Note that this takes a while. Then you can run the image with the following command and test that it compiled correctly:

    $ docker run -ti speos
user@a2c4c28ccc79:/app$ conda activate speos
(speos) user@a2c4c28ccc79:/app$ python
Python 3.7.13 (default, Mar 29 2022, 02:18:16)
[GCC 7.5.0] :: Anaconda, Inc. on linux
Type "help", "copyright", "credits" or "license" for more information.
>>>import speos
>>>

If this runs without error, you can now skip to the Obtain Data section.

Installation#

Installing Speos on your machine is straight-forward and can be accomplished within 15 minutes given a familiarity with python package manager tools like pip and conda.

Note

These installation instructions have been tested under Ubuntu 20.04 and Rocky Linux 8.7. Other operating systems (i.e. MacOS, Windows) might require different package versions, especially for PyTorch and PyTorch Geometric. Although choosing newer versions of packages should generally work, we are unable to test each combination of package versions a priori.
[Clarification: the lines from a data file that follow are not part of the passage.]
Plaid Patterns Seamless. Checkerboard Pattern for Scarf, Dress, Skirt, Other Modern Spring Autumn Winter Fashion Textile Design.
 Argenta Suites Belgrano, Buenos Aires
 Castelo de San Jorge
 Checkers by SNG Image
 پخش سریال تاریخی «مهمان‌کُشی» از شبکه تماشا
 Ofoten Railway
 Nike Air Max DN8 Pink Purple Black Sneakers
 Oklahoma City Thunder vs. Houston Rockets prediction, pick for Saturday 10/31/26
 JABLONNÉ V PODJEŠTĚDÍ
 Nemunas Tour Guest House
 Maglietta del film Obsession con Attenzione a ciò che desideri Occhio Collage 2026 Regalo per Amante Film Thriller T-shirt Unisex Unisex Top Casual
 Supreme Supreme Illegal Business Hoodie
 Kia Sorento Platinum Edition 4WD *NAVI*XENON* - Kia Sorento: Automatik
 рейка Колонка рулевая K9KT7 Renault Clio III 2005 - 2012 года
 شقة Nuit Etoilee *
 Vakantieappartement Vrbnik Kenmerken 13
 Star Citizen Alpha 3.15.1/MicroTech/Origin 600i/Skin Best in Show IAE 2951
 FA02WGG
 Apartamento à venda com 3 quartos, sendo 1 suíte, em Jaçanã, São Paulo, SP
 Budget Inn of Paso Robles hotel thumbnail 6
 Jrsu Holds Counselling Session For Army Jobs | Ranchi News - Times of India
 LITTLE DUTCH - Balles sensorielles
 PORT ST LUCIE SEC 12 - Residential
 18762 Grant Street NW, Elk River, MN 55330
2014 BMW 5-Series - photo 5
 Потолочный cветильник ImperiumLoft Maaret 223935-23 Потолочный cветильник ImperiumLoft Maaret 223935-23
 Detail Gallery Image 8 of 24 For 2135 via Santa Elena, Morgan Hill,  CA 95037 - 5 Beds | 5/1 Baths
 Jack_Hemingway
If you have questions about the installation of other package versions, do not hesitate and open an Issue on Github

To Install Speos on your machine, first clone it with its submodules from github:

$ git clone --recurse-submodules -b latest --single-branch https://github.com/fratajcz/speos.git
$ cd speos

Next, you might want to create a new conda env.

$ conda create -y --name speos python=3.10
$ conda activate speos

Speos is built on Pytorch Geometric which in turn is built on Pytorch. To make sure Speos runs correctly, you must first install Pytorch and Pytorch geometric. Note that these following lines install the CPU version of the packages. Since the GPU version depend very much on the hardware configuration of the system, please see how to install Pytorch and Pytorch Geoemtric GPU versions for your hardware stack. If your machine/cluster has GPU capabilities, it is highly recommended to use the respective CUDA versions, as this will speed up the training a lot!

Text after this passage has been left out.